THE PROBLEM: For this exercise, repeat the whole listing below exactly. Leave the pictures out.

RECORDS:
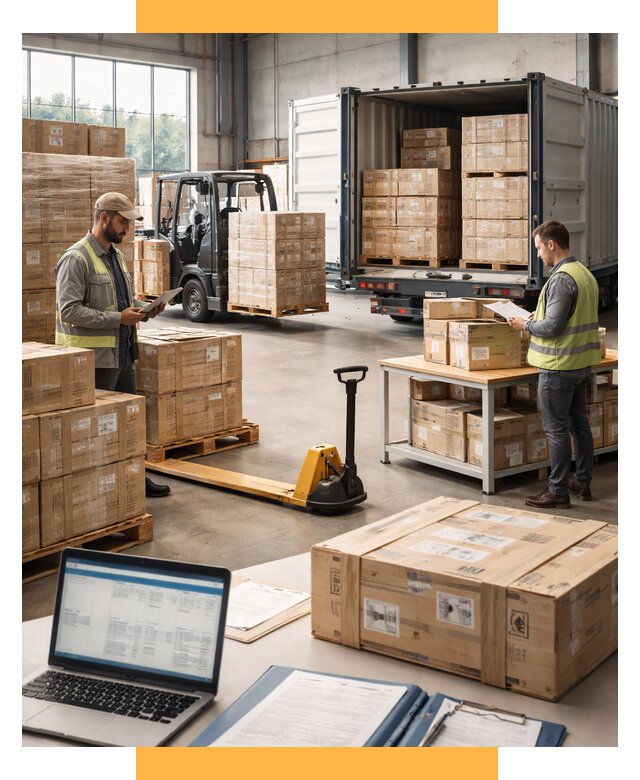 Оптовые поставки из Турции быстро от 46467 р. — СетСервис-Лбн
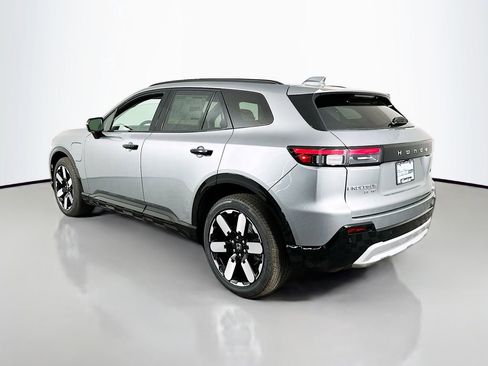 New 2026 Honda Prologue Elite image 5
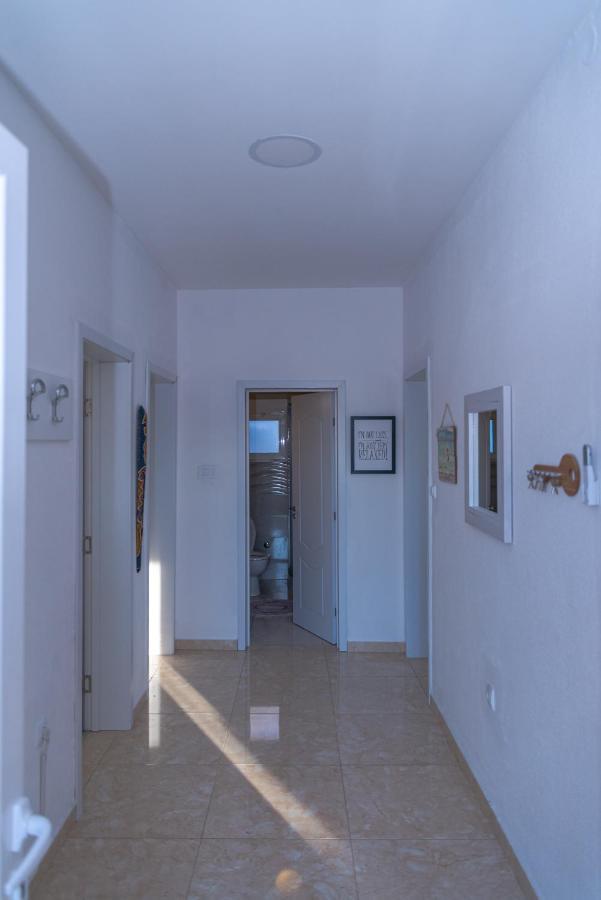 Apartman Mona Podgorica Luaran gambar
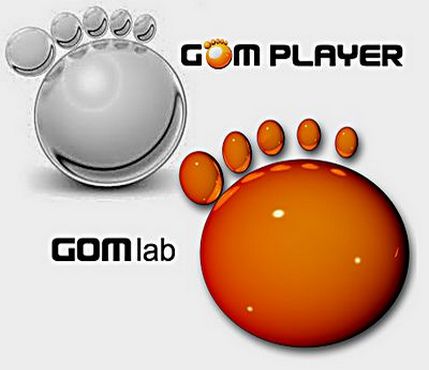 تحميل برنامج مشغل كوم بلار GOM Player  2.1.43.5119 83db15ae0dc7ab0929d1ed6e5fc2e1f3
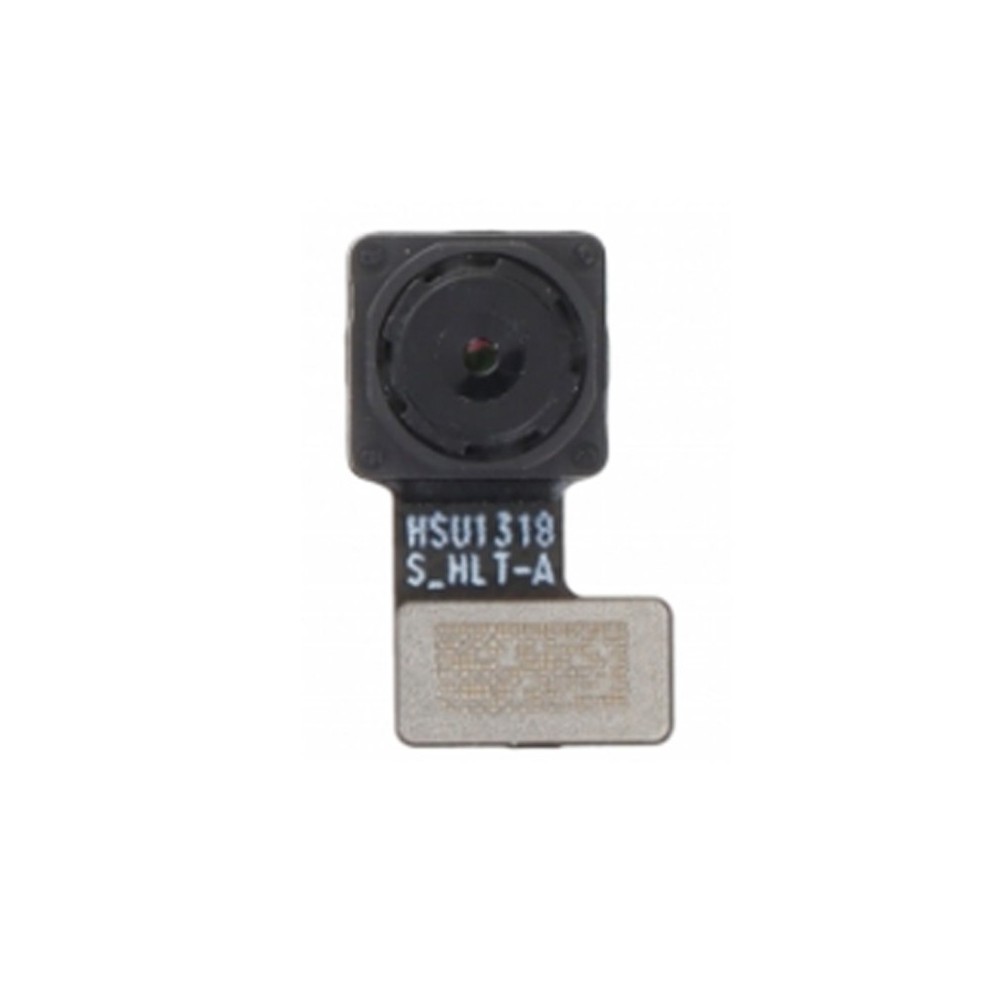 Caméra arrière Depth 2MP OnePlus Nord N20 5G R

ANSWER SECTION:
 Оптовые поставки из Турции быстро от 46467 р. — СетСервис-Лбн
 New 2026 Honda Prologue Elite image 5
 Apartman Mona Podgorica Luaran gambar
 تحميل برنامج مشغل كوم بلار GOM Player  2.1.43.5119 83db15ae0dc7ab0929d1ed6e5fc2e1f3
 Caméra arrière Depth 2MP OnePlus Nord N20 5G R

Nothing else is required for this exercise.